**WHAT NEEDS TO BE DONE:** For this exercise, write out only the lines of the entries below from the one with "I'm actually adding" up to and including the one with "Hello everyone, today", exactly as they are. Pictures stay out.

**RECORDS FOR PROCESSING:**
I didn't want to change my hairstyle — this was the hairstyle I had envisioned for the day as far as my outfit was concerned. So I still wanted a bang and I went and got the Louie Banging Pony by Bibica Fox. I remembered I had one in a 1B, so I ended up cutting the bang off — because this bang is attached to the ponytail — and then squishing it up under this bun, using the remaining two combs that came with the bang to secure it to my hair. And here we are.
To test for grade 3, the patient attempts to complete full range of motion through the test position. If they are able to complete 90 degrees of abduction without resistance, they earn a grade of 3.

---

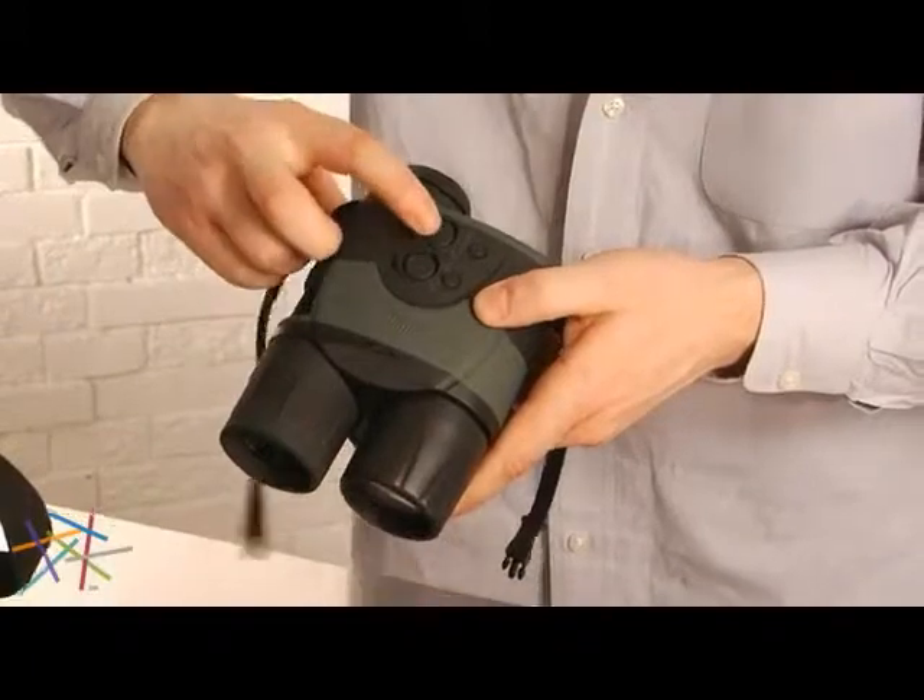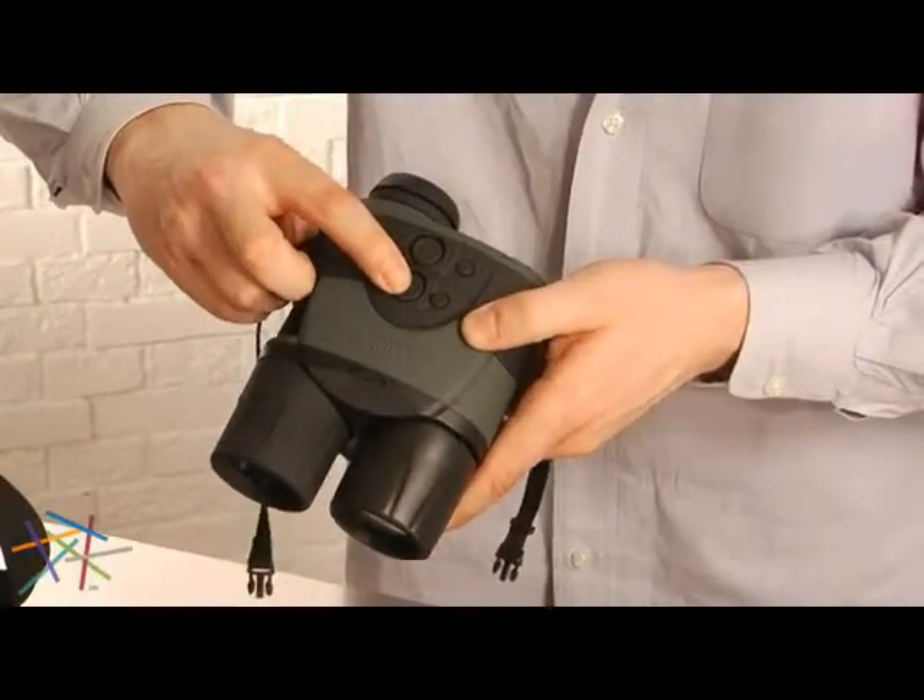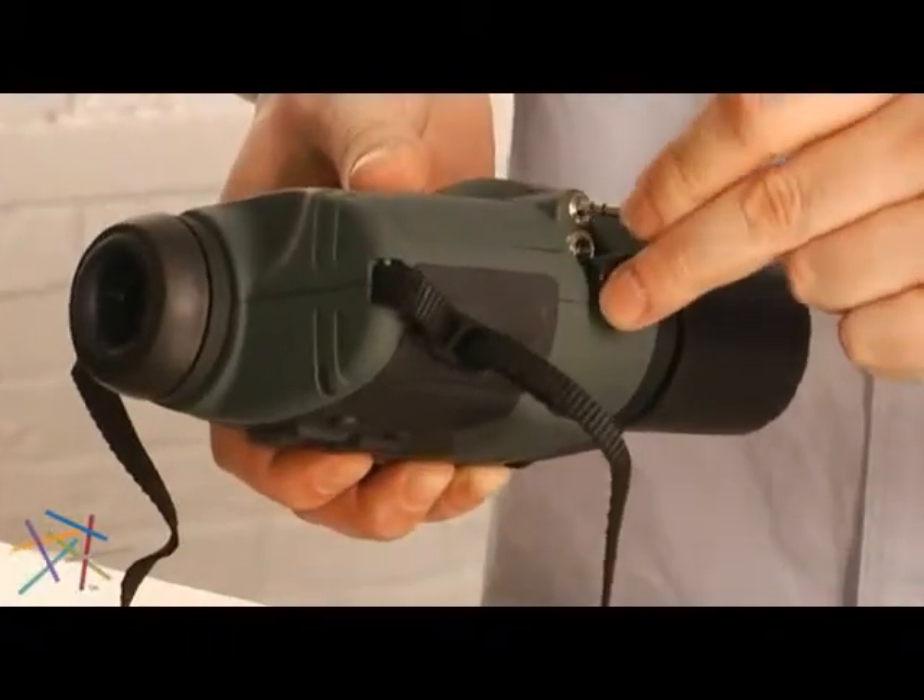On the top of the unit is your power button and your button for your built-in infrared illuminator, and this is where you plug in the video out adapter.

...

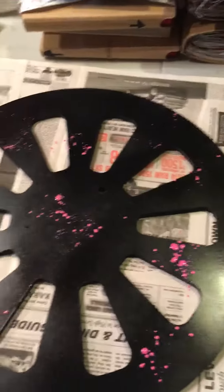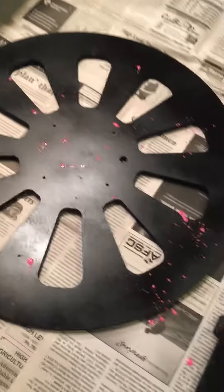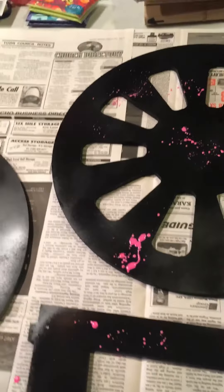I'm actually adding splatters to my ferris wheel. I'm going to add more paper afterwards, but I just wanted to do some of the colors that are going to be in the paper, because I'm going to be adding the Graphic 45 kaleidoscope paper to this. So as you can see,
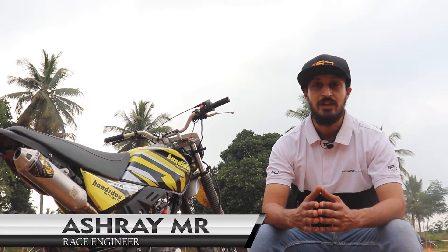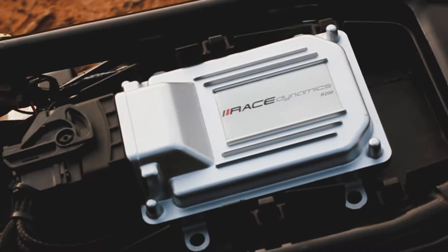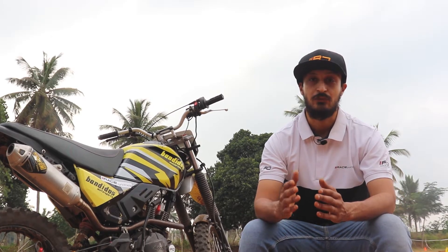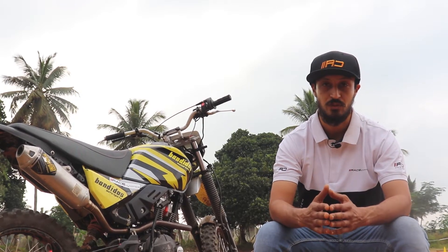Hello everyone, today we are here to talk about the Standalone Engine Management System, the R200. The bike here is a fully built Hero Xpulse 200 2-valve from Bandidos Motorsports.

**ANSWER FOR THE TASK:**
I'm actually adding splatters to my ferris wheel. I'm going to add more paper afterwards, but I just wanted to do some of the colors that are going to be in the paper, because I'm going to be adding the Graphic 45 kaleidoscope paper to this. So as you can see,
Hello everyone, today we are here to talk about the Standalone Engine Management System, the R200. The bike here is a fully built Hero Xpulse 200 2-valve from Bandidos Motorsports.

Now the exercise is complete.